## PROBLEM REQUIREMENTS
Word for word, restate the lines of the data below between those holding "A PAIR OF QAJAR" and "Wide-Leg-Jeans mit Raw-Edge", inclusive; pictures do not belong in the copy.

## SOURCE INFORMATION
########
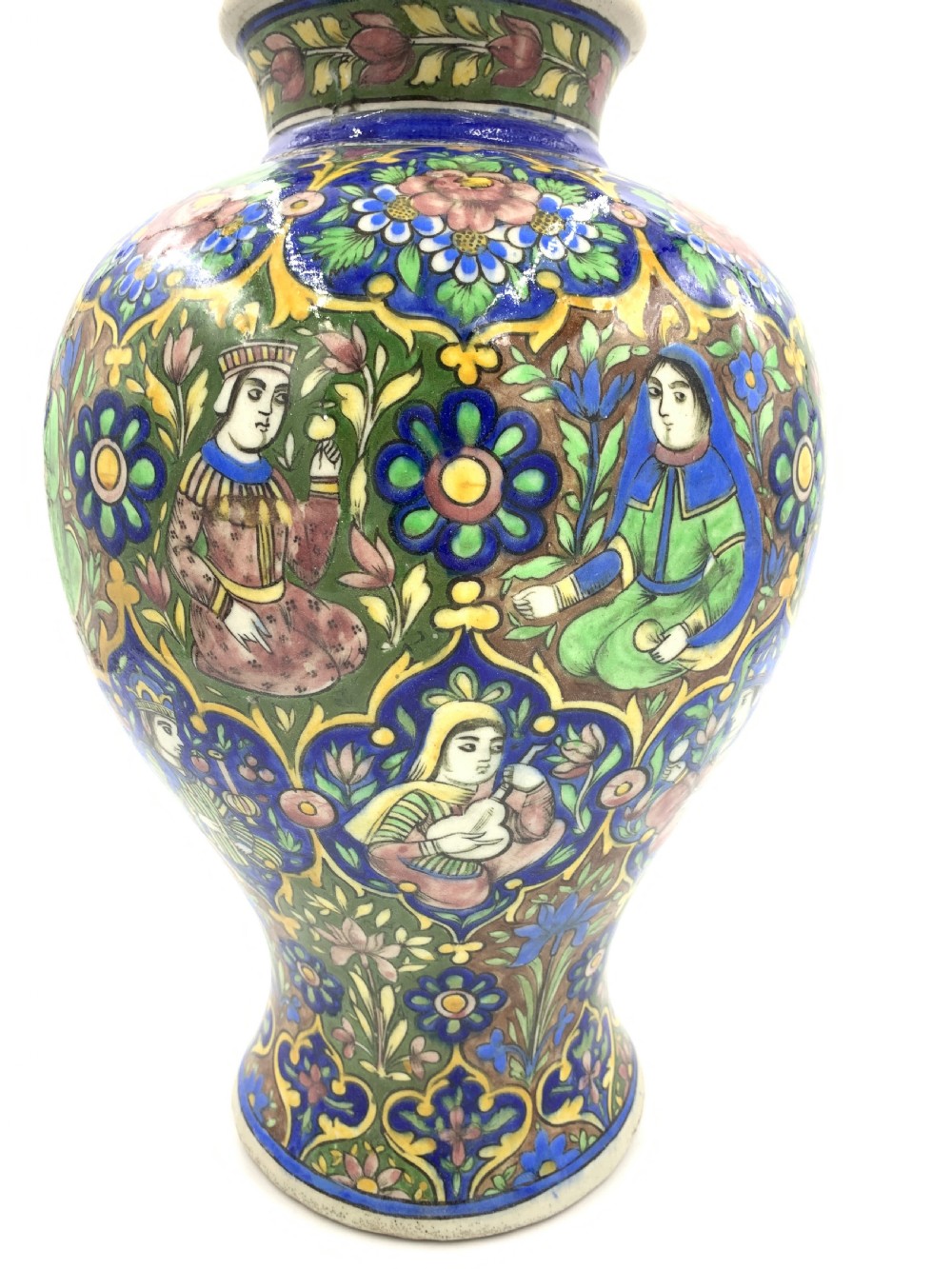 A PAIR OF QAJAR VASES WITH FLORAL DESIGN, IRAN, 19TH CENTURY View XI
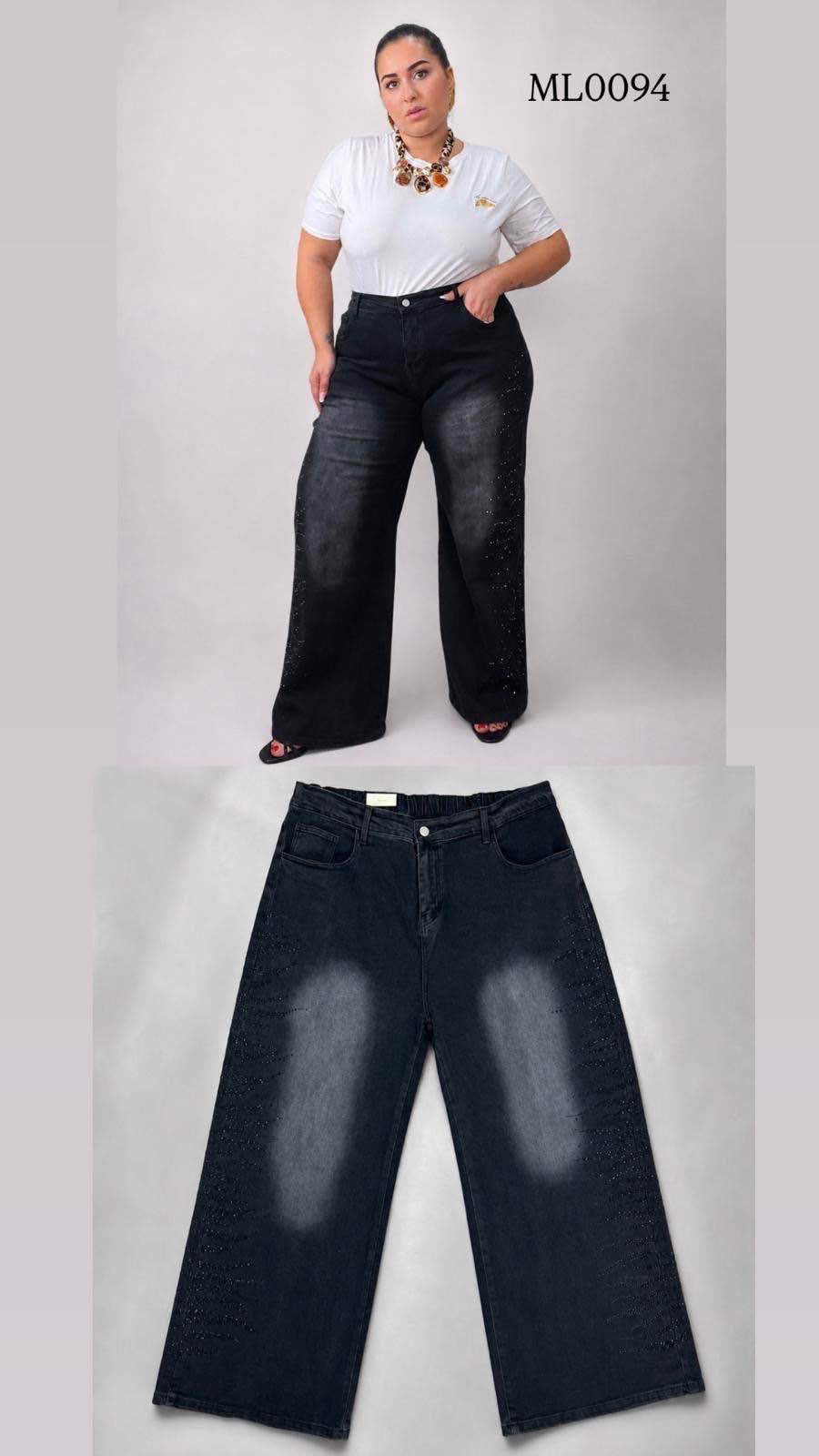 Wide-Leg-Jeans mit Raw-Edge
########
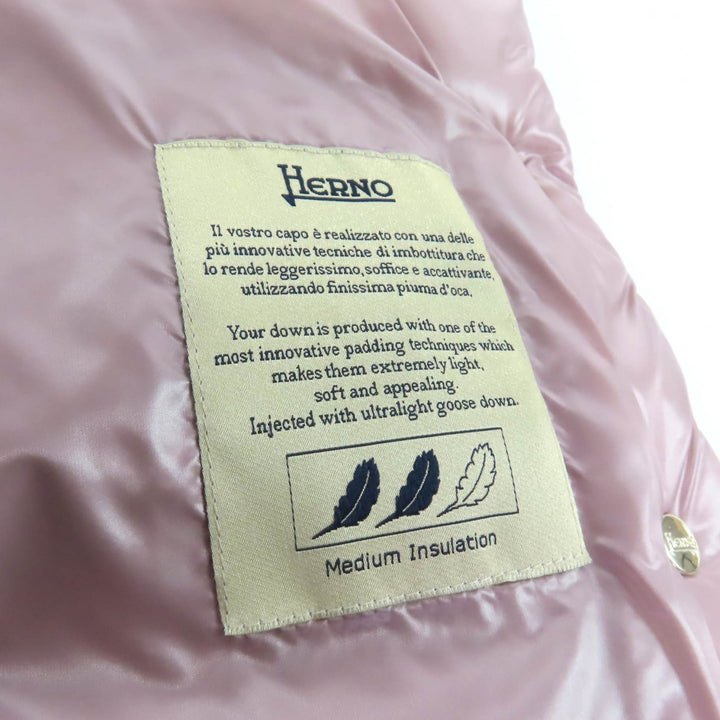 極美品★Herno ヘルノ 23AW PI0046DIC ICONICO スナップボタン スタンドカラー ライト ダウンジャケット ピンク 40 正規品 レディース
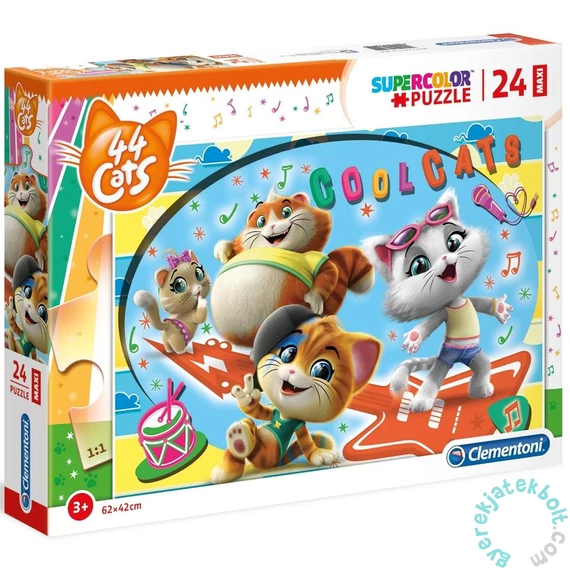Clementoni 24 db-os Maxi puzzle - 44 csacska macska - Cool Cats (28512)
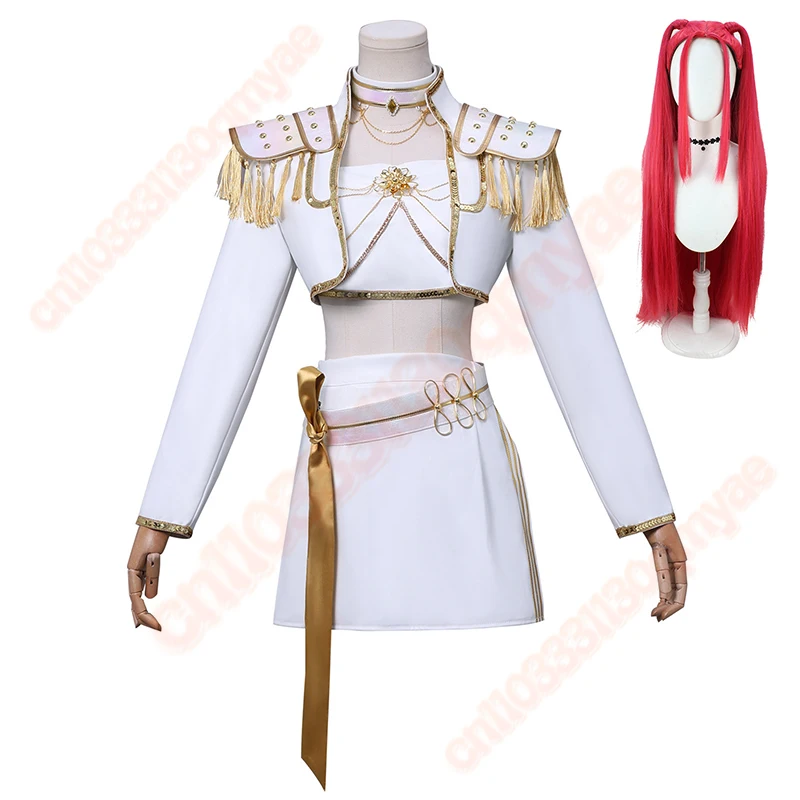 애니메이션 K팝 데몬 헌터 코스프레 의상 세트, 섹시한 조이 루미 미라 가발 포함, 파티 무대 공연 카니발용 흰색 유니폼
########
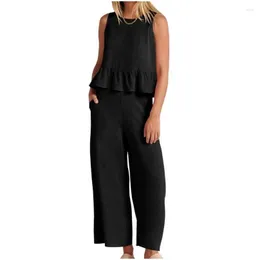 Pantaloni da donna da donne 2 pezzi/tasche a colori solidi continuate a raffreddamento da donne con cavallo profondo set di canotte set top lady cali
########
## COMPLETED TASK
 A PAIR OF QAJAR VASES WITH FLORAL DESIGN, IRAN, 19TH CENTURY View XI
 Wide-Leg-Jeans mit Raw-Edge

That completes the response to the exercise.